[Web page caption snippets]
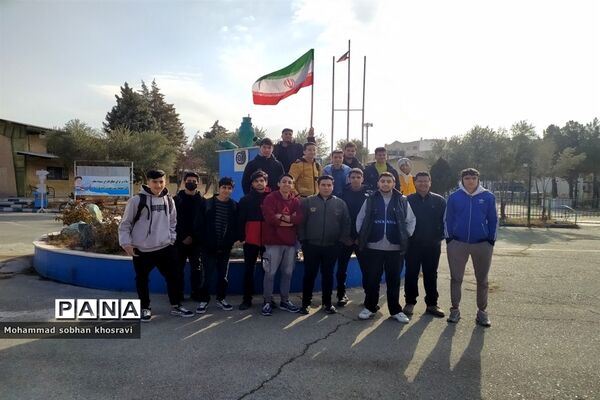 بازدید دانش‌‌‌آموزان ملارد از هنرستان فنی و حرفه‌ای شهریار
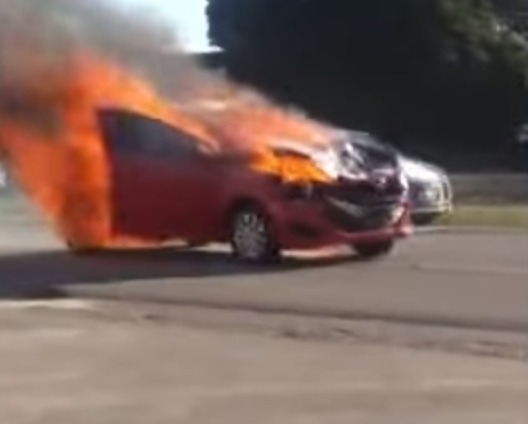 Acidente entre dois carros termina em capotamento e veículo incendiado na BR-116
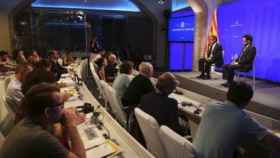 El presidente de la Generalidad, Artur Mas, en su encuentro con periodistas extranjeros en la Diada
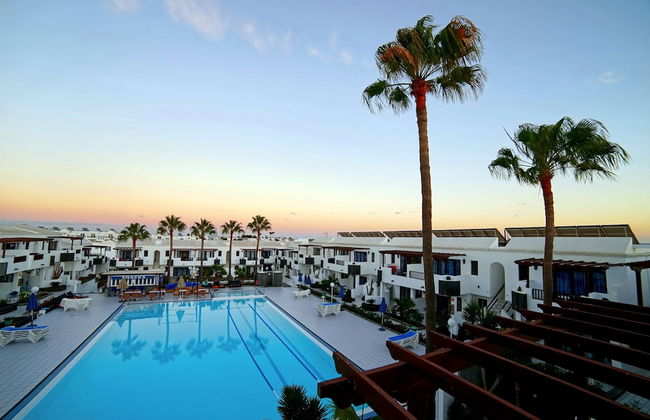 Apartamentos Plaza Azul - Photo 26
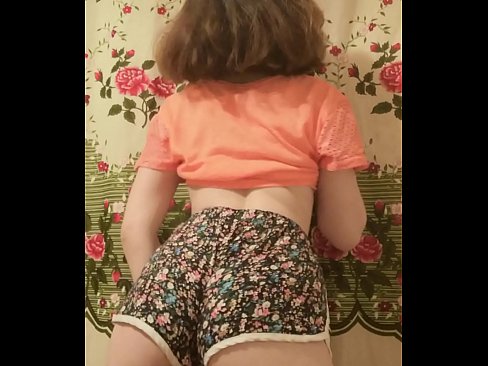 ❤️ Sexig ung babe som strippar av sig sina shorts inför kameran Porno at us sv.sexafinkarasskaz.ru ❌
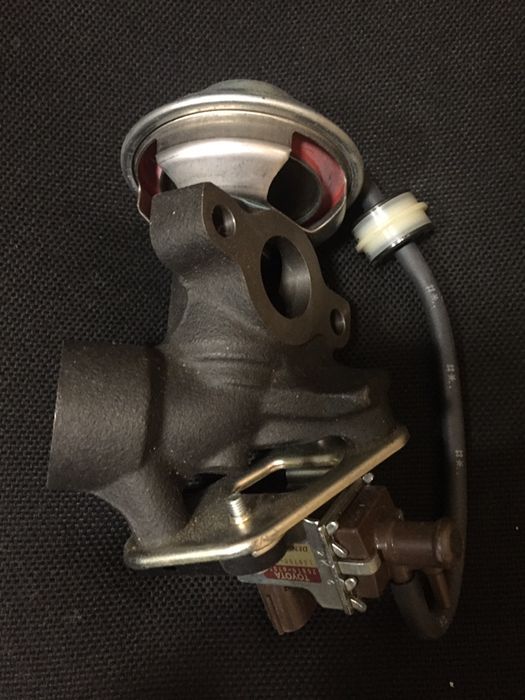 Egr клапан (рециркуляции) для двигателя 1Kz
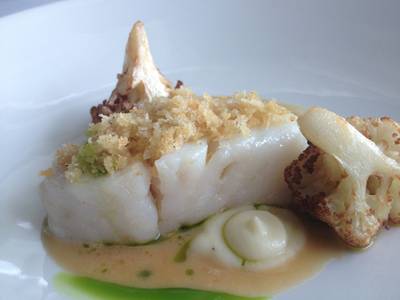 Atlantic Cod W Cauliflower ที่ ร้านอาหาร Water Library Chamchuree Square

▶ _ASSIGNMENT_
Type out the entries again without a single change, and leave the pictures out.

▶ _ANSWER TO THIS PROBLEM_
 بازدید دانش‌‌‌آموزان ملارد از هنرستان فنی و حرفه‌ای شهریار
 Acidente entre dois carros termina em capotamento e veículo incendiado na BR-116
 El presidente de la Generalidad, Artur Mas, en su encuentro con periodistas extranjeros en la Diada
 Apartamentos Plaza Azul - Photo 26
 ❤️ Sexig ung babe som strippar av sig sina shorts inför kameran Porno at us sv.sexafinkarasskaz.ru ❌
 Egr клапан (рециркуляции) для двигателя 1Kz
 Atlantic Cod W Cauliflower ที่ ร้านอาหาร Water Library Chamchuree Square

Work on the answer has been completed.